Segment Open
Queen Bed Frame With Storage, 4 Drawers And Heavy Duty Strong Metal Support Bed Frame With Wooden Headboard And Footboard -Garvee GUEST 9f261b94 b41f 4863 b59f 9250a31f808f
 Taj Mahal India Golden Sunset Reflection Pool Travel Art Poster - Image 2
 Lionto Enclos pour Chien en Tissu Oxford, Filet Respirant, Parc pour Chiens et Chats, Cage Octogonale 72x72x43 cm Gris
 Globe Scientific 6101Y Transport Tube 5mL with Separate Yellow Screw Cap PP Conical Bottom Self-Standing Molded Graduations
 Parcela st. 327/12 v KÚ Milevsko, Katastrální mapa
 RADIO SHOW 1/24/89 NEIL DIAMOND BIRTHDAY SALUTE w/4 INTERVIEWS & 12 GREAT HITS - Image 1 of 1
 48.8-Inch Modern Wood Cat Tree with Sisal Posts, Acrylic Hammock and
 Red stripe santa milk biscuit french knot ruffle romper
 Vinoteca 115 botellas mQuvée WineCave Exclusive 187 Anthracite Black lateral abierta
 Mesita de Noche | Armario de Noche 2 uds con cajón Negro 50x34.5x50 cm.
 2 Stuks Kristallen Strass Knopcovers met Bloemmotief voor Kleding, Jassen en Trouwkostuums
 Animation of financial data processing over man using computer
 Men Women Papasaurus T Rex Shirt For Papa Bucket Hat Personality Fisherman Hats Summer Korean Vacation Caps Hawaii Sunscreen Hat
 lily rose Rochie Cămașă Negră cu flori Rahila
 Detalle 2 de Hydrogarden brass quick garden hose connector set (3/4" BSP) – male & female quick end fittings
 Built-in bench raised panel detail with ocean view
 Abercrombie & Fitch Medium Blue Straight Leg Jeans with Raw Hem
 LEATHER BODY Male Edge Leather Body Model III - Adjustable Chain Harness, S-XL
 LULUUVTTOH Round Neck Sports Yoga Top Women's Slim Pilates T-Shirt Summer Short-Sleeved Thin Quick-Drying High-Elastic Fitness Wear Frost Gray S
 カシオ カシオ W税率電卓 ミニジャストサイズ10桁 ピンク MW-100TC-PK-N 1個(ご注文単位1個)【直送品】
Segment Closed
**REQUIREMENT**
Begin with the line that contains "Mesita de Noche" and print each line exactly until the data ends, including the last line.

**OUTPUT BELOW**
 Mesita de Noche | Armario de Noche 2 uds con cajón Negro 50x34.5x50 cm.
 2 Stuks Kristallen Strass Knopcovers met Bloemmotief voor Kleding, Jassen en Trouwkostuums
 Animation of financial data processing over man using computer
 Men Women Papasaurus T Rex Shirt For Papa Bucket Hat Personality Fisherman Hats Summer Korean Vacation Caps Hawaii Sunscreen Hat
 lily rose Rochie Cămașă Negră cu flori Rahila
 Detalle 2 de Hydrogarden brass quick garden hose connector set (3/4" BSP) – male & female quick end fittings
 Built-in bench raised panel detail with ocean view
 Abercrombie & Fitch Medium Blue Straight Leg Jeans with Raw Hem
 LEATHER BODY Male Edge Leather Body Model III - Adjustable Chain Harness, S-XL
 LULUUVTTOH Round Neck Sports Yoga Top Women's Slim Pilates T-Shirt Summer Short-Sleeved Thin Quick-Drying High-Elastic Fitness Wear Frost Gray S
 カシオ カシオ W税率電卓 ミニジャストサイズ10桁 ピンク MW-100TC-PK-N 1個(ご注文単位1個)【直送品】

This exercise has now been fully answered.